Optionally, the processing unit 702 is specifically configured to obtain an RGB color mode (RGB) image corresponding to the first point cloud data; segmenting the RGB color mode (RGB) image to obtain a two-dimensional frame and a semantic mask; and determining a three-dimensional object frame corresponding to the target object in the first point cloud data according to the two-dimensional frame and the semantic mask.
Optionally, the processing unit 702 is specifically configured to determine, according to the two-dimensional frame and the semantic mask, third point cloud data corresponding to a target object in the first point cloud data; and determining a minimum three-dimensional bounding box covering third point cloud data corresponding to the target object, and determining the minimum three-dimensional bounding box as a three-dimensional object frame corresponding to the target object.
Optionally, the processing unit 702 is specifically configured to determine, according to the two-dimensional frame and the semantic mask, initial point cloud data corresponding to the target object; clustering the initial point cloud data corresponding to the target object to obtain a plurality of clusters; and determining the initial point cloud data in the cluster with the most initial point cloud data in the plurality of clusters as the third point cloud data.
The device 700 for training the image recognition model according to the embodiment of the present application can execute the method for training the image recognition model according to any one of the embodiments, and the implementation principle and the beneficial effect thereof are similar to those of the method for training the image recognition model.
Fig. 8 is a schematic structural diagram of an apparatus 800 for an image recognition method according to an embodiment of the present application, and for example, referring to fig. 8, the apparatus 800 for the image recognition method may include:
an acquiring unit 801, configured to acquire an image to be identified.

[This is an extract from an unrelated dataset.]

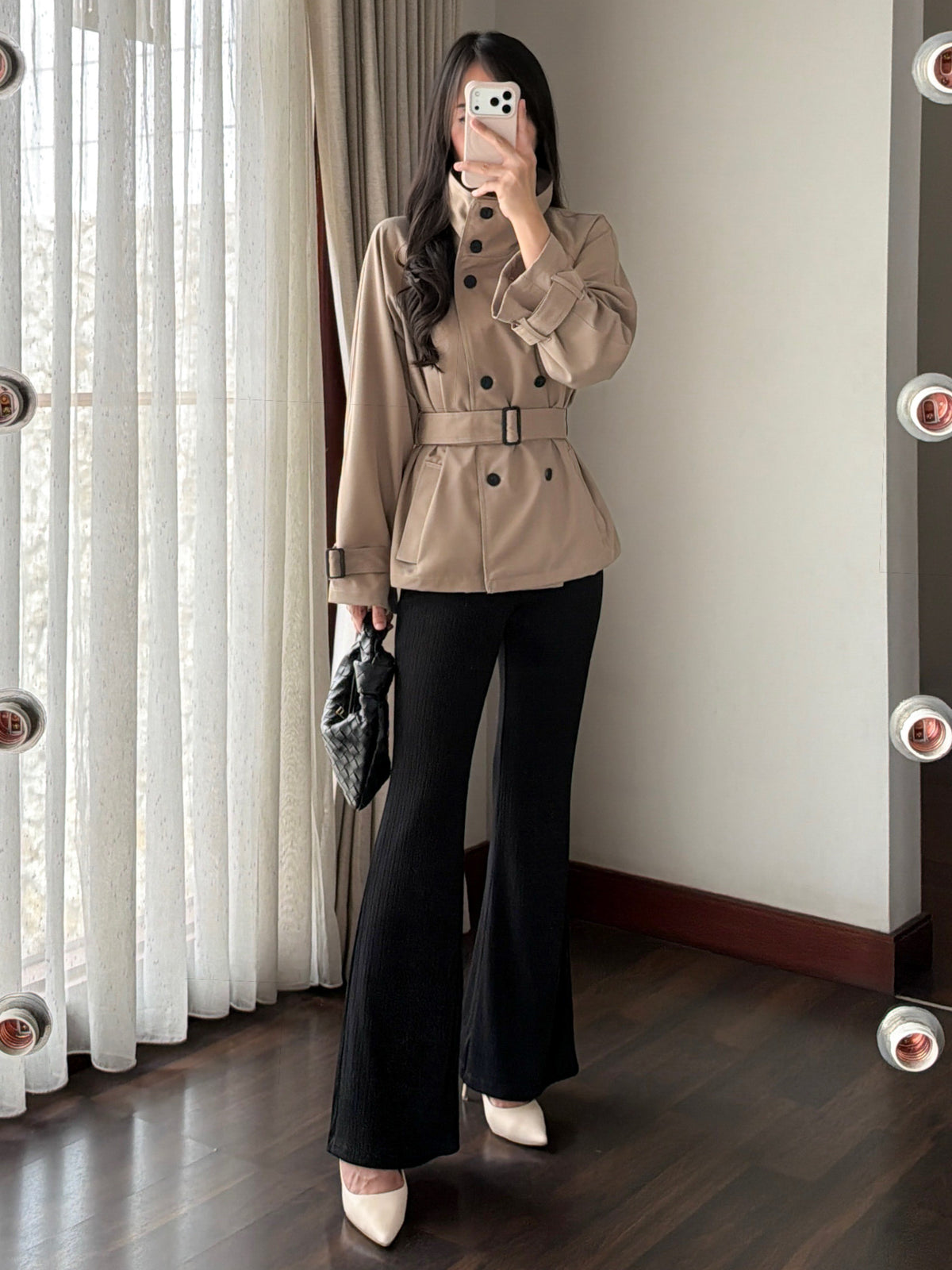 LUNA TRENCH COAT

The processing unit 802 inputs the image to be recognized into an image recognition model to obtain an object in the image to be recognized, the image recognition model is obtained by training an initial image recognition model according to point cloud data and a three-dimensional object frame corresponding to a target object in the point cloud data, and the point cloud data is acquired through laser radar equipment.
The device 800 for training an image recognition model according to the embodiment of the present application can execute the image recognition method according to any of the embodiments, and the implementation principle and the beneficial effect of the device are similar to those of the image recognition method, and reference may be made to the implementation principle and the beneficial effect of the image recognition method, which are not described herein again.
Fig. 9 is a schematic structural diagram of a server according to an embodiment of the present application, for example, please refer to fig. 9, where the server includes:
the memory 901, the processor 902, and a computer program stored in the memory 901 and capable of being run on the processor 902, where the processor 902 implements the training method of the image recognition model shown in any of the above embodiments when executing the program, and the implementation principle and the beneficial effect thereof are similar to those of the training method of the image recognition model, and reference may be made to the implementation principle and the beneficial effect of the training method of the image recognition model, which is not described herein again.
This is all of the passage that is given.